REQUIREMENT
What is needed is a verbatim copy of every record below, with the pictures left out.

DATA RECORDS
-- -- --
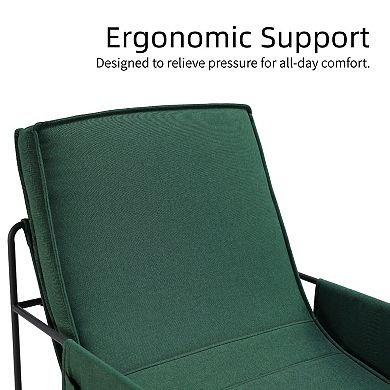 Sling Accent Chair, Comfy Chair with Removable Cushion, Vanity Chair, with Storage Bag, Green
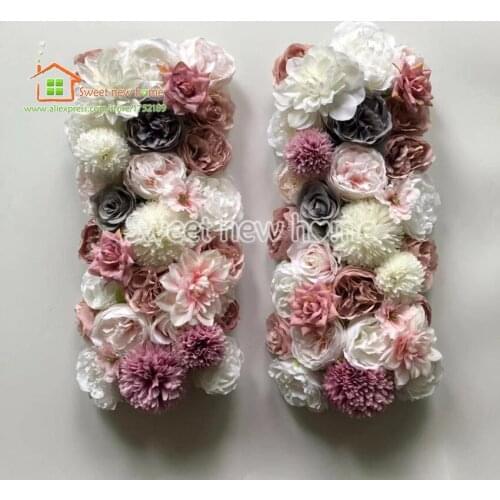 High Quality Artificial Flower Wall Wedding Background New Dahlia Austin Rose Fake Flower Runner Plate Road Lead Home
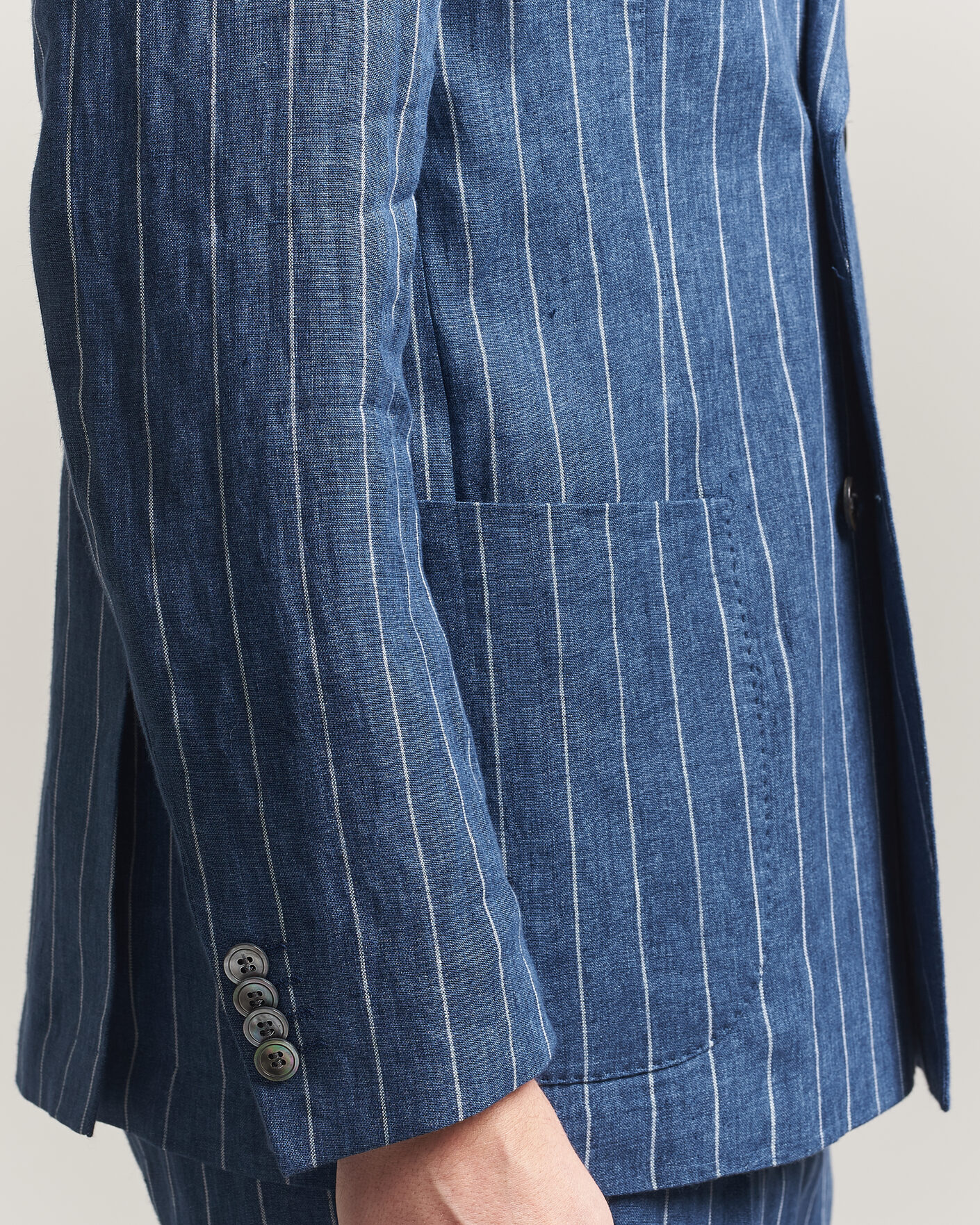 Herren | Sakkos | Oscar Jacobson | Farrys Patch Striped Linen Blazer Blue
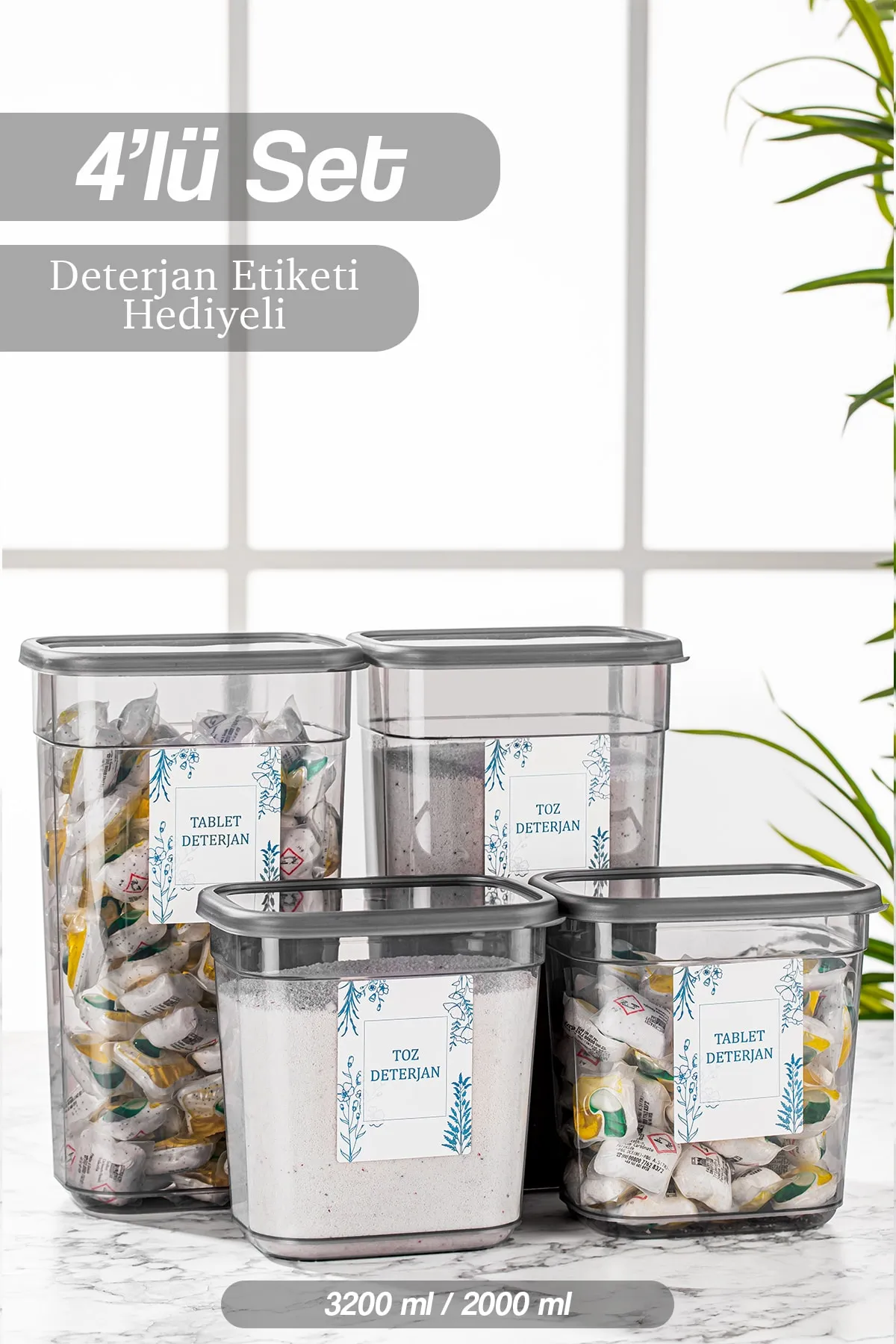 Meleni Home  4 beschriftete Elina Tablet-Reinigungsmittel-Aufbewahrungsbox – rechteckiger Aufbewahrungsbehälter 2 x (2 LT – 3,2 LT)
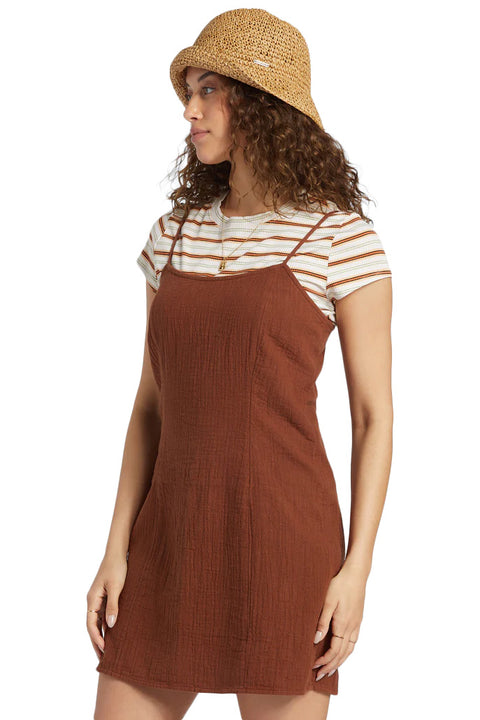 Billabong Stay Awhile Mini Dress - Toasted Coconut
-- -- --
SOLUTION TO THE PROBLEM
 Sling Accent Chair, Comfy Chair with Removable Cushion, Vanity Chair, with Storage Bag, Green
 High Quality Artificial Flower Wall Wedding Background New Dahlia Austin Rose Fake Flower Runner Plate Road Lead Home
 Herren | Sakkos | Oscar Jacobson | Farrys Patch Striped Linen Blazer Blue
 Meleni Home  4 beschriftete Elina Tablet-Reinigungsmittel-Aufbewahrungsbox – rechteckiger Aufbewahrungsbehälter 2 x (2 LT – 3,2 LT)
 Billabong Stay Awhile Mini Dress - Toasted Coconut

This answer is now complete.